_Problem details_. When a line in the entries contains the word "questions", copy that line in full.

(Items listed in a dataset)
------------------------

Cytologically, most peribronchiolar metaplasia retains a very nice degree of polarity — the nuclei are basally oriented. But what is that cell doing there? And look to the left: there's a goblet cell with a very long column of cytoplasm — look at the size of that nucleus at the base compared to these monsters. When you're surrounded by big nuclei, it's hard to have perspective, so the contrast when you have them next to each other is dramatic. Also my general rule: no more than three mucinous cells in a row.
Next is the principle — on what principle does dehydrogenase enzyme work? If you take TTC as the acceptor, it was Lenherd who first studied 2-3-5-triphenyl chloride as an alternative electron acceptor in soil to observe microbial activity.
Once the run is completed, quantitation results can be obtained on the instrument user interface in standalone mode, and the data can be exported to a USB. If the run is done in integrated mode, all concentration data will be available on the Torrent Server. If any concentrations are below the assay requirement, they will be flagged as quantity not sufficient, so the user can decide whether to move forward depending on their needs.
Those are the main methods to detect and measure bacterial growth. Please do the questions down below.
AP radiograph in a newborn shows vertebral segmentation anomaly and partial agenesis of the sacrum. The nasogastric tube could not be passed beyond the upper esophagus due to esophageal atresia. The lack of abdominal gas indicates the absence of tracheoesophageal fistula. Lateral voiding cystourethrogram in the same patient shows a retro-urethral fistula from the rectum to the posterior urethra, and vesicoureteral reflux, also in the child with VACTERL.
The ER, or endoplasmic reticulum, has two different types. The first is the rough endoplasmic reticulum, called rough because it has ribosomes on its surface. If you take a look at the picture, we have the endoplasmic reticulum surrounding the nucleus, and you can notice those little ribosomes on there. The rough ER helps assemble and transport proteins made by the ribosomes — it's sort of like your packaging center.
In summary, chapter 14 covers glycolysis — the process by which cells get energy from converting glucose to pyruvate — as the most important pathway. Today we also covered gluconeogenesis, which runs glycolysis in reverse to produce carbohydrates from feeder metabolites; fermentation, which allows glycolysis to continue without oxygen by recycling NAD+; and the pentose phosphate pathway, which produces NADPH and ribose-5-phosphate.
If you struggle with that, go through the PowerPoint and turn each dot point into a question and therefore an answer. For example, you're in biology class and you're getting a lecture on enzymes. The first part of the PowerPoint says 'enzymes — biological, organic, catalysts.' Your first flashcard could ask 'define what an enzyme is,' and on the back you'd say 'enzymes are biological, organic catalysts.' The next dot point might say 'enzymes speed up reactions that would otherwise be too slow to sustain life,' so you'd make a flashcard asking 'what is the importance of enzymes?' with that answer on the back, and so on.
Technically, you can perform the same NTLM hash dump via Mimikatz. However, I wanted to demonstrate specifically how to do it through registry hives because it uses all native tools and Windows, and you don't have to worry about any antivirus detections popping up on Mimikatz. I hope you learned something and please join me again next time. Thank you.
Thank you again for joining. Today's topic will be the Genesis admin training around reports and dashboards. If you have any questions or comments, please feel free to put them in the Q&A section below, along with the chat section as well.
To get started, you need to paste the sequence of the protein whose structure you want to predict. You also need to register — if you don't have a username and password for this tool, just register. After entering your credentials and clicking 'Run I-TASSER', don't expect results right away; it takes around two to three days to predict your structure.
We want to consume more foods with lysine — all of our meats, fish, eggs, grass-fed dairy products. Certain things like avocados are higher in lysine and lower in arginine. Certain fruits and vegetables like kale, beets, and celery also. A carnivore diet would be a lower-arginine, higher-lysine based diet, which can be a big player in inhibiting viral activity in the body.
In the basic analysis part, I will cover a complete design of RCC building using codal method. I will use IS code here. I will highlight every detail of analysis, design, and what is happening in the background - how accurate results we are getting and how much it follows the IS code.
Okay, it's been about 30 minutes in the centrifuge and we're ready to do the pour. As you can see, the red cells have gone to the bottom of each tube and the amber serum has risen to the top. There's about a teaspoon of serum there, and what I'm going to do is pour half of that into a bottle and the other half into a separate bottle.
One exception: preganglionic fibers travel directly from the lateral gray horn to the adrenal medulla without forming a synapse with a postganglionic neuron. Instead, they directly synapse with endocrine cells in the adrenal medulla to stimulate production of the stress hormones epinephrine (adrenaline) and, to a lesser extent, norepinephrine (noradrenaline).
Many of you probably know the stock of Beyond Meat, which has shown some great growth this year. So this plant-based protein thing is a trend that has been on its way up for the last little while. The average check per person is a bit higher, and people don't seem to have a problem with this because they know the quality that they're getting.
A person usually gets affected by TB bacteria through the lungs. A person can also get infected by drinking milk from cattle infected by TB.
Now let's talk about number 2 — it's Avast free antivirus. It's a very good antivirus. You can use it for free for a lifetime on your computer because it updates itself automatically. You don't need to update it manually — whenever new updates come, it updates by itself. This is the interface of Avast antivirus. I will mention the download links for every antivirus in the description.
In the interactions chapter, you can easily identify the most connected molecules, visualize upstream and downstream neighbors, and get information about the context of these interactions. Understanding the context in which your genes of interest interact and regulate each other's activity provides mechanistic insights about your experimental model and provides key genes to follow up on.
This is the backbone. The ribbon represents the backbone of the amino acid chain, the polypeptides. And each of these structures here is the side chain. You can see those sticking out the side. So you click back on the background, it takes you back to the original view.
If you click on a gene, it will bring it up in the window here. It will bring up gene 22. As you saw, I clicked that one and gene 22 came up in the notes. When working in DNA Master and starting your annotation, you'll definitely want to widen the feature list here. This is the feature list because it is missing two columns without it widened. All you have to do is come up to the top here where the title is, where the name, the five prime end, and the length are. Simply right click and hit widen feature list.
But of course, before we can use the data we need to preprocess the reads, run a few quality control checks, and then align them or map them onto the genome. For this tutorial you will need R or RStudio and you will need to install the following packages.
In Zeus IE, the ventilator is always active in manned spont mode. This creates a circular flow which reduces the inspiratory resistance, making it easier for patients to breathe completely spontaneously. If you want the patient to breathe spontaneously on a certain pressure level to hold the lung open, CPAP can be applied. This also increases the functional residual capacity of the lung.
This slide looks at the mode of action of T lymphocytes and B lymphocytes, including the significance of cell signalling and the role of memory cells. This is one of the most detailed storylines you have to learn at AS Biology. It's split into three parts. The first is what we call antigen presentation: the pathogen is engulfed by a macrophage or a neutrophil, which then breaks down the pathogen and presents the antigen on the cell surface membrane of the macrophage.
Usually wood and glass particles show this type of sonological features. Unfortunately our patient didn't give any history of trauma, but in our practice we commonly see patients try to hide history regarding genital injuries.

------------------------

_Answer below_.
Those are the main methods to detect and measure bacterial growth. Please do the questions down below.
Thank you again for joining. Today's topic will be the Genesis admin training around reports and dashboards. If you have any questions or comments, please feel free to put them in the Q&A section below, along with the chat section as well.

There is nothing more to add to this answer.